Die Wege des Turbo-Faschismus

Die ehemaligen osteuropäischen Staaten, vor allem das ehemalige Jugoslawien, ist ein turbo-neoliberales kapitalistisches Laboratorium, das die verstärkten Prozesse der Deregulierung, der Sozialisierung und der Nekropolitik innerhalb des globalen Kapitalismus weiterführt. Turbo-Faschismus war ein Begriff, der von Žarana Papić (2002) vorgeschlagen wurde, um in den 1990er Jahren auf dem Balkan, speziell in Serbien, hegemonialen Nationalismus zu konzeptualisieren. Also nationale Separatismen, chauvinistische und rassistische Ausgrenzung oder Marginalisierung von (alten und neuen) Minderheitengruppen.

Das alles sind Prozesse, die eng mit patriarchaler, diskriminierender und gewalttätiger Politik gegen Frauen und ihre bürgerlichen und sozialen Rechte verbunden waren und sind. Ich beziehe mich auf die Wortschöpfung der verstorbenen serbischen Theoretikerin und feministischen Wissenschaftlerin Žarana Papić, die den Prozess Ende der 1990er Jahre in Serbien mit den Worten beschrieb: “Ich bezeichne das frei als Turbo-Faschismus”.

Sie fährt fort: Es ist natürlich bekannt, dass Faschismus ein historischer Begriff ist; dass die Geschichte von Nazi-Deutschland nicht dieselbe ist wie die von Miloševićs Serbien. In der postmodernen und feministischen Theorie sprechen wir jedoch von “sich verschiebenden Konzepten”, wenn eine neue Epoche mit einigen Ergänzungen Konzepte erbt, die zu einer früheren gehören, wie der feministische Begriff des sich verschiebenden Patriarchats. Meiner Meinung nach sollten wir uns nicht vor der Verwendung “großer Begriffe” fürchten, wenn sie bestimmte politische Realitäten genau beschreiben. (Papić 2002)
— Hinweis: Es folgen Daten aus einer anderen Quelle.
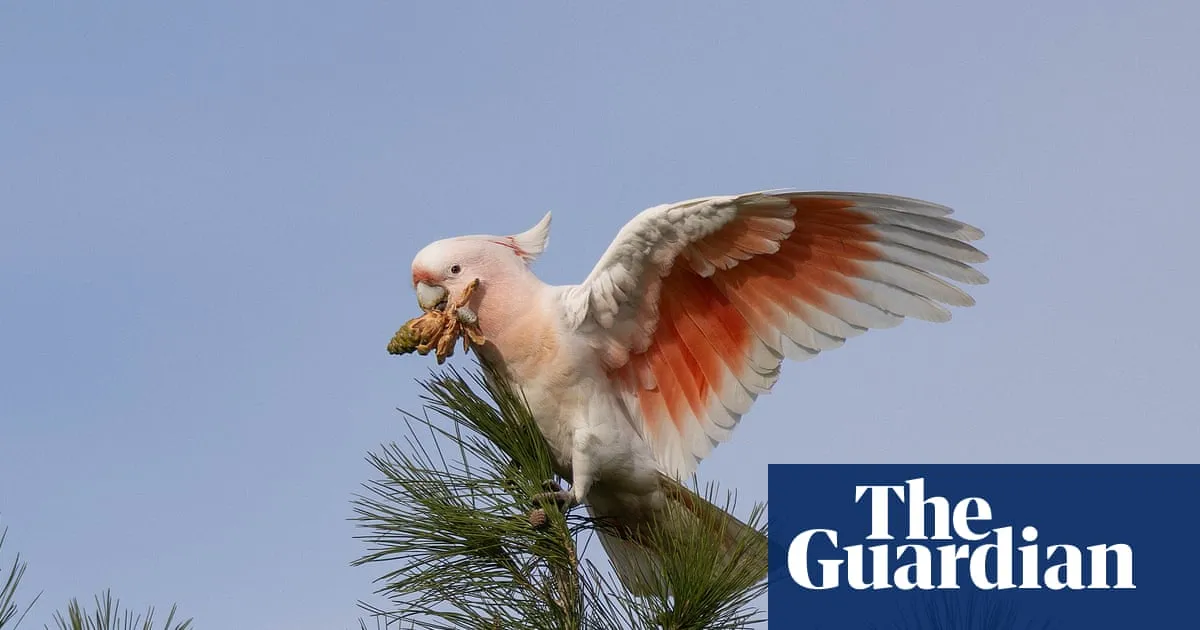 ‘Flamin’ cockatoos’ have lost much of their habitat to bushfires. Can the species survive?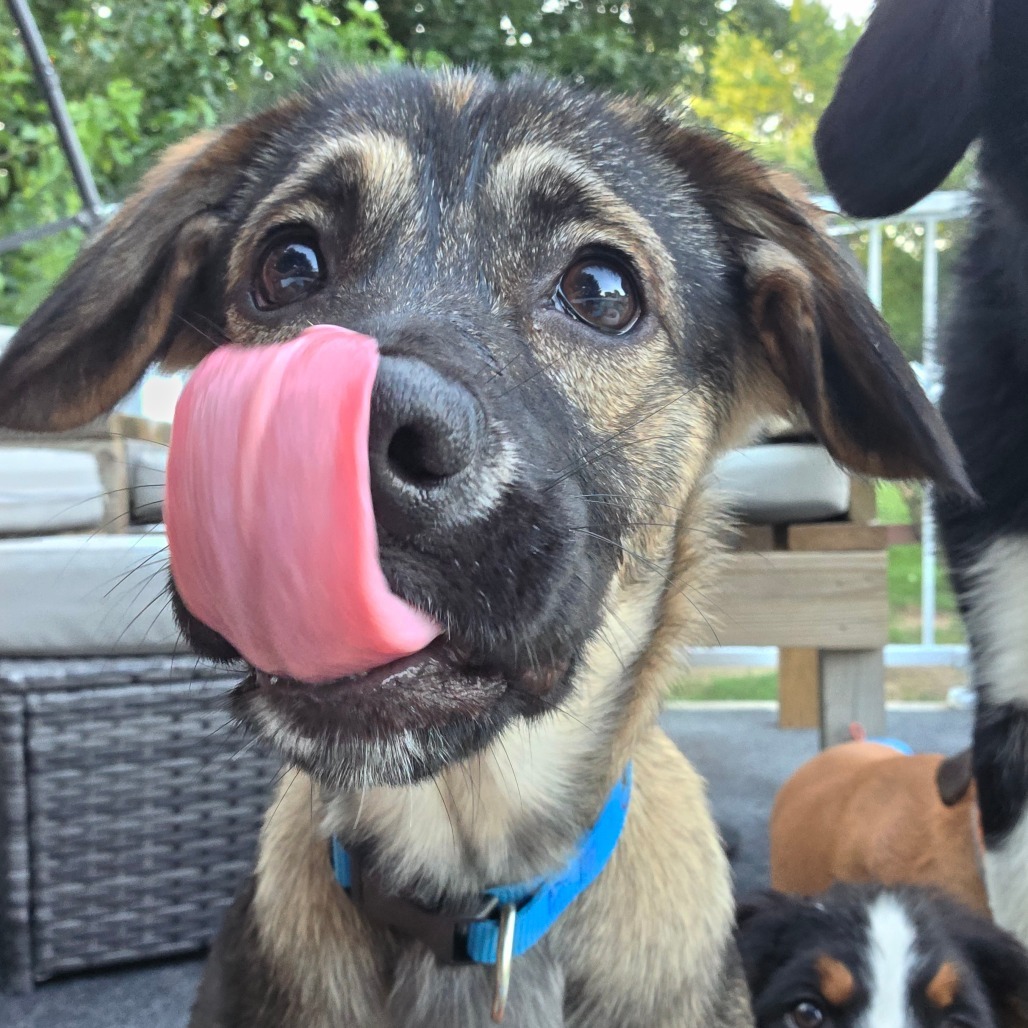 Kodi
Ich denke, dass das, was als die Hauptcharakteristika der turbo-faschistischen Elemente der postsozialistischen Übergangsstaaten gedacht ist, die auf einen voll entwickelten neoliberalen globalen Kapitalismus zusteuern (der seinen eigenen postmodernen Faschismus birgt), hervorragend auf den gegenwärtigen Moment vieler ehemaliger osteuropäischer Staaten, wie Slowenien, Serbien, Polen, Ungarn, Bulgarien usw., übertragen werden kann. Deshalb zitiere ich Žarana Papić Bezeichnung des Turbo-Faschismus im Präsens.

Empathie ist tabu

Sie konstatiert: Der serbische Turbo-Faschismus [sie bezieht sich speziell auf Serbien, aber wir können das auf die postsozialistischen ehemaligen osteuropäischen Länder und auch auf einige alte westeuropäische Länder ausdehnen] hat seine eigenen Konzentrationslager, seine eigene systematische Darstellung von Gewalt gegen Andere, seinen eigenen Familien- und Führerkult, eine explizit patriarchalische Struktur, eine Kultur der Gleichgültigkeit gegenüber dem Ausschluss des Anderen. Es wird sich auf verstärkt auf die eigene Vergangenheit bezogen; Empathie ist tabu, genauso wie Multikulturalismus; es gibt mächtige Medien, die als Befürworter des Völkermords auftreten; es gibt eine nationalistische Ideologie; eine epische Mentalität des Gehorsams gegenüber Autoritäten.

Die Vorsilbe “Turbo” bezieht sich auf die spezifische Mischung aus Politik, Kultur, “geistigen Kräften” und Massenarmut. Also eine Mischung aus ländlich und städtisch, vormodern und postmodern, Popkultur und Heldinnen, real und virtuell, mystisch und “normal” usw. In diesem Begriff steckt, trotz seiner naiven oder unschuldigen Erscheinungen, der Faschismus im eigentlichen Sinne. Wie alle Faschismen beinhaltet und zelebriert der Turbo-Faschismus eine pejorative Umbenennung, Entfremdung und schließlich Beseitigung des/der Anderen. Der Turbo-Faschismus verlangt und stützt sich im Grunde auf diese Kultur der Normalität des Faschismus, die schon lange vor all den Morden in den Kriegen strukturell konstituiert war. (Modifiziert von Gržinić, basierend auf Papić 2002)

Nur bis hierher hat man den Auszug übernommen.